The current year is on track to be the warmest on record, according to the European Union’s Climate Change Service Copernicus on Thursday.

The hottest September globally on record followed a summer of record-breaking temperatures this year, the Copernicus observatory said.

Temperatures in September this year were a half-degree hotter than in the previous hottest September on record, and nearly a full degree hotter than in the average September between 1991 and 2020.

“The unprecedented temperatures for the time of year observed in September following a record summer have broken records by an extraordinary amount.’’

Samantha Burgess, deputy director of the Copernicus Climate Change Service, said in a statement.

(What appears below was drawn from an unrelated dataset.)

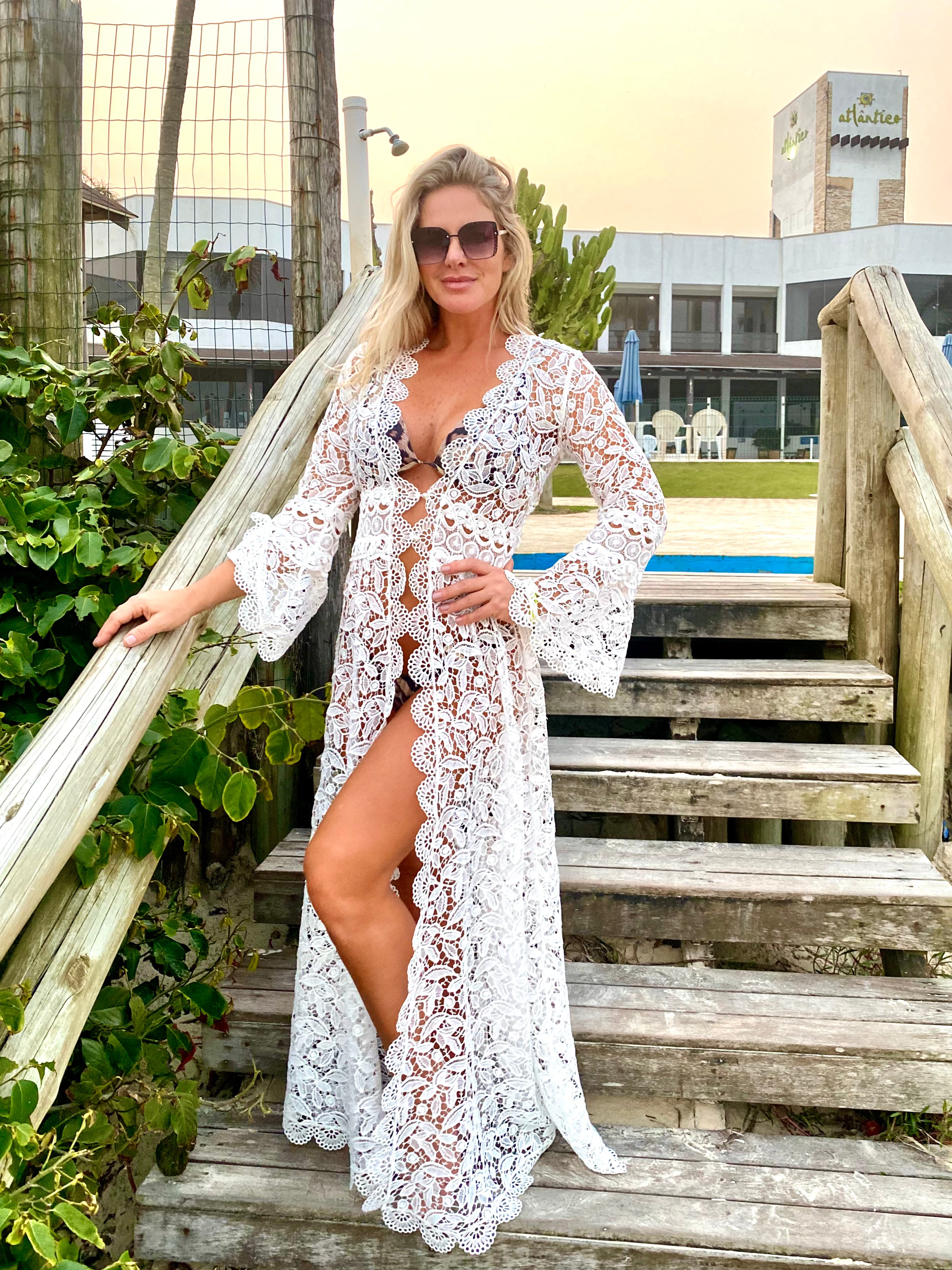 Saída de Praia ST. MAARTEN - Branco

Temperatures over the course of 2023 are now on track to be 1.4 degrees Celsius above pre-industrial average temperatures, Burgess said.

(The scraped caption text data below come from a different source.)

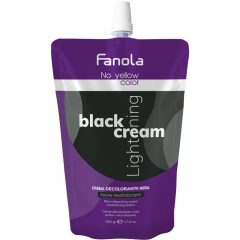 Fanola No Yellow fekete szőkítőkrém 500 g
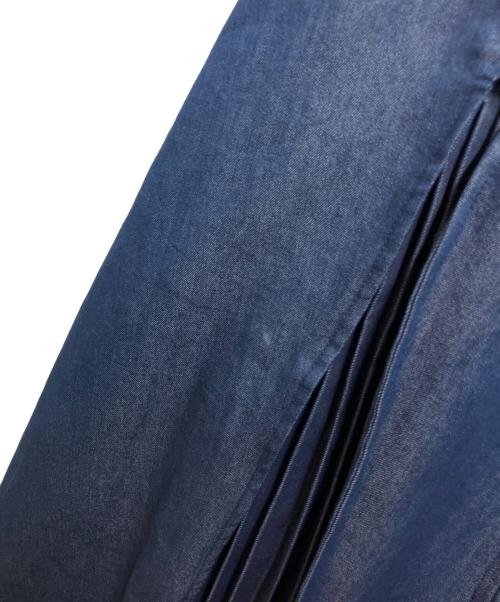 Candy Stripper（キャンディーストリッパー）Candy Stripper (キャンディーストリッパー) DENIM PLEATS ドレス ブルー サイズ:2の古着・服飾アイテム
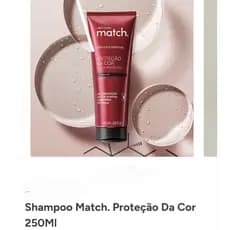 Shampoo Match. Proteção Da Cor 250ml oboticário.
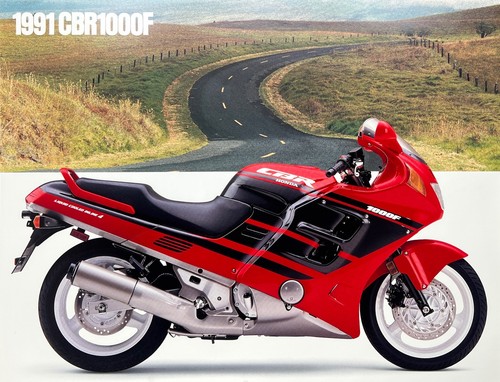 1991 honda cbr1000f - honda,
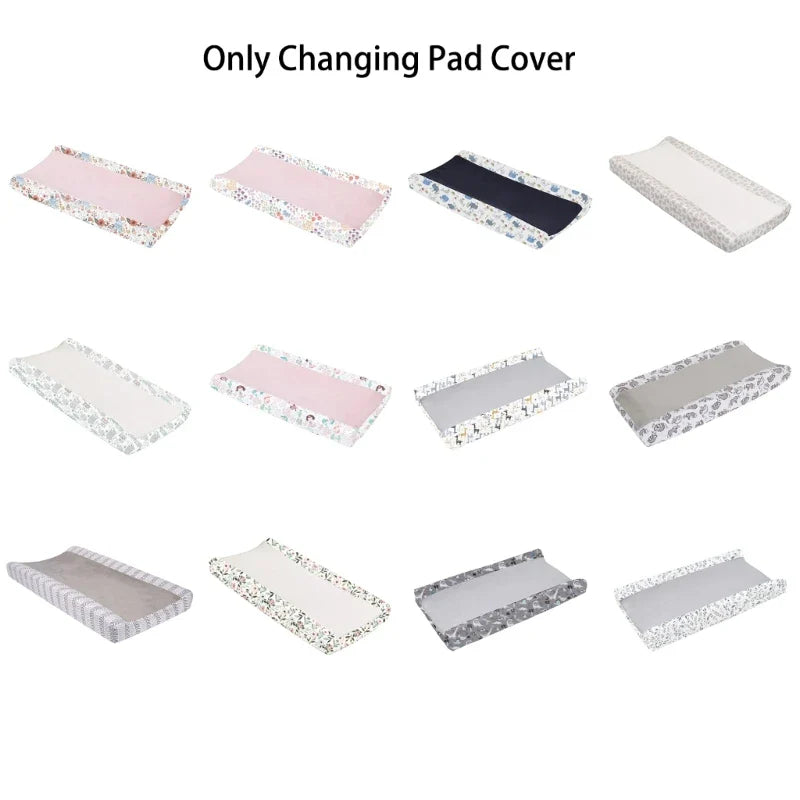 Changing Pad Cover Super Soft- Breathable Floral Changing Table Sheet Infant Mat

That is only 0.1 degrees below the target set by the Paris Climate Agreement, which aimed to limit warming to 1.5 degrees by the end of the century.

In September, however, it was already 1.75 degrees more than in the pre-industrial reference period from 1850 to 1900.

“Two months out from (UN World Climate Conference) COP28 – the sense of urgency for ambitious climate action has never been more critical,’’ Burgess added.

Antarctic sea ice also reached a historic low in September, covering 9 per cent less area than sea ice did on average from 1991 to 2020.

In the Arctic, sea ice in September was at its fifth lowest level.

In terms of rainfall, the picture was mixed in September.

Large parts of Western Europe received more rain than usual and there was flooding in Greece and Libya as a result of Storm Daniel, a tropical-like cyclone that battered the Mediterranean Sea.

But other parts of Europe, the United States, Mexico, Central Asia and Australia recorded the driest September month since records began.

The EU’s Copernicus Climate Change Service regularly publishes data on temperature at the Earth’s surface, sea ice cover and precipitation data.

The findings were based on computer-generated analyses that incorporate billions of measurements from satellites, ships, aircraft and weather stations around the world.